On 5/11/19 2:00 PM, Fred Cisin via cctalk wrote:
Although I enjoyed DeSmet C, I used Microsoft C for
all subsequent high
level language progams that I wrote.? For example, I wrote the screen
capture TSR of "XenoFont" in MASM, and the printing program in Microsoft
C; I wrote "Sales tax Genie" (TSR) in MASM, but then later renamed the
.COM file to .EXE to use it as the "stub" program of a Microsoft C
Windoze program, to have a single file that could load the TSR in DOS,
AND be able to run as a Windoze program.? I never got around to redoing
the TSR formats to be able to ALSO load them as device drivers (lets you
get them into lower memory!); I intended to eventually create a single
executable file format that could be loaded by CONFIG.SYS,
CMD.COM, AND
Windows.
My first FILES-11 RX01 read-conversion tool was written in PL/M and ran
on an MDS800.
My second FILES-11 RX01 reading/conversion utility was written largely
in FORTRAN. System was an 8080 S100 box with a WD1771 controller.
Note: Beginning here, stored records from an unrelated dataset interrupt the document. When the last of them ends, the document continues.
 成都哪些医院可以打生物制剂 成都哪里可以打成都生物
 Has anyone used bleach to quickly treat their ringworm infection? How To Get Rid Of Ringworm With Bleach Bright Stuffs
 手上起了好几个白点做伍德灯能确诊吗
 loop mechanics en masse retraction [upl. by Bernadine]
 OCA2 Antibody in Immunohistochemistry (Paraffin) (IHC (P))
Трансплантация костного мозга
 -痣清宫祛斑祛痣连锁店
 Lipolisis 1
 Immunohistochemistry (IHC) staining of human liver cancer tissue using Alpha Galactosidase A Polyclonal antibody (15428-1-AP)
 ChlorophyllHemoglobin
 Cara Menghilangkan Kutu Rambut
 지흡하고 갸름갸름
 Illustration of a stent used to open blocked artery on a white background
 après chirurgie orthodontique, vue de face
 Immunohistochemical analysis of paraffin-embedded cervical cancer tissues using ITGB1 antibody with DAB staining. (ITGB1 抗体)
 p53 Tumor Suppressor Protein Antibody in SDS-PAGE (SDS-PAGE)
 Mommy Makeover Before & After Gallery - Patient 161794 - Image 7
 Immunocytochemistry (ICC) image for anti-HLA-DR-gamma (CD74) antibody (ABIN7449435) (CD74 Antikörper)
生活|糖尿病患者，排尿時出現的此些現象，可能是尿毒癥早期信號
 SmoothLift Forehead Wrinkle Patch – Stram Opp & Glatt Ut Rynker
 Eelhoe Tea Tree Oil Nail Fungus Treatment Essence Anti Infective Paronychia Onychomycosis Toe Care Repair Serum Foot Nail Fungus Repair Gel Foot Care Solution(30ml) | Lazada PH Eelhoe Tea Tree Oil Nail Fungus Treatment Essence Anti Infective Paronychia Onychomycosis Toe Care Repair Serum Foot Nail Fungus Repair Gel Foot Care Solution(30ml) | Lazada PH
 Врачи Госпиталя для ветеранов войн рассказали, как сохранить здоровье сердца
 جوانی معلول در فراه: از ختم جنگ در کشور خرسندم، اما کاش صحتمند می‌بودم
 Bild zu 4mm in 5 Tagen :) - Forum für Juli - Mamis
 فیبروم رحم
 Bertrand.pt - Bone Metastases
C on an 8080/85 system seems like a horrible waste of hardware, owing to
the need for procedure-local variables. Stack-based addressing isn't
pretty. Basically to load a 16-bit stack-based integer into BC you have
to do something like this:
LXI H,offset
DAD SP
MOV C,M
INX H
MOV B,M
Add to that, that really good "C" compilers for the x80/x86 took some
time to mature. My first C on an 8086 was Lattice; compiled on a
floppy-based system. But then Microsoft MASM 1.0 was terrible in its
own right as well--the list of errata was quite long. I remember
mumbling to myself "that's not what I wrote!".